The Nuclear Regulation Authority unanimously decided on Wednesday to allow Japan Atomic Power Company to extend operations at the Tokai No.2 plant in Ibaraki Prefecture, located about 110 kilometers north of central Tokyo.
About 960,000 people live within a 30 kilometer radius of the facility, the highest population density among all nuclear plant vicinities across Japan.
Regulators say the Tokai No.2 plant meets government requirements introduced after the 2011 accident at the Fukushima Daiichi nuclear plant.
Meeting the requirements is a precondition for reactors to go back online.
At Wednesday's meeting, the Nuclear Regulation Authority members were briefed on estimates that wear and tear involving the reactor, pipes and other equipment will pose no problems 20 years from now, which will mark 60 years since going online.
The reactor at the Tokai No.2 plant will be allowed to operate until November 2038 at a maximum.
The reactor is the 4th in Japan to be allowed to run beyond the 40-year limit and the first at a plant damaged by the 2011 earthquake and tsunami.

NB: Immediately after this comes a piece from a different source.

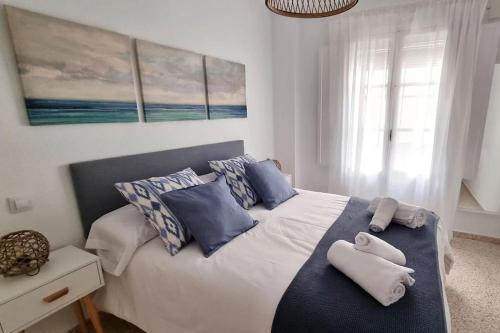 加的斯www Casa Quili Cádiz com的一间卧室配有一张带蓝色和白色枕头的床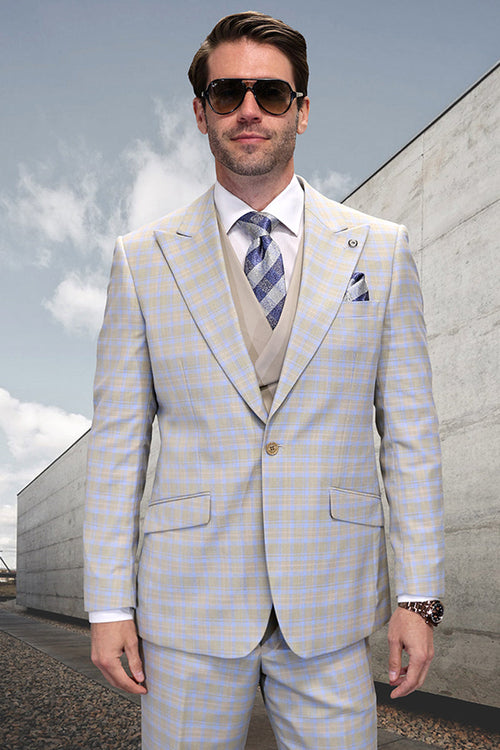 Men's one-button peak lapel wool vest suit in tan windowpane plaid. Light tan base with blue/white grid. Includes blazer, matching trousers, and solid tan vest. Wool blend fabric.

Regulators have already approved extensions for 2 reactors at the Takahama nuclear power plant and the No.3 reactor at the Mihama plant, both in Fukui Prefecture on the Sea of Japan coast.
The operator of the Tokai No.2 plant will still need more than 2 years of construction work for enhanced safety measures before it restarts the reactor. This includes building a tsunami breakwater.
It must also obtain prior consent from 6 municipalities in the area including the village of Tokai where the plant is located.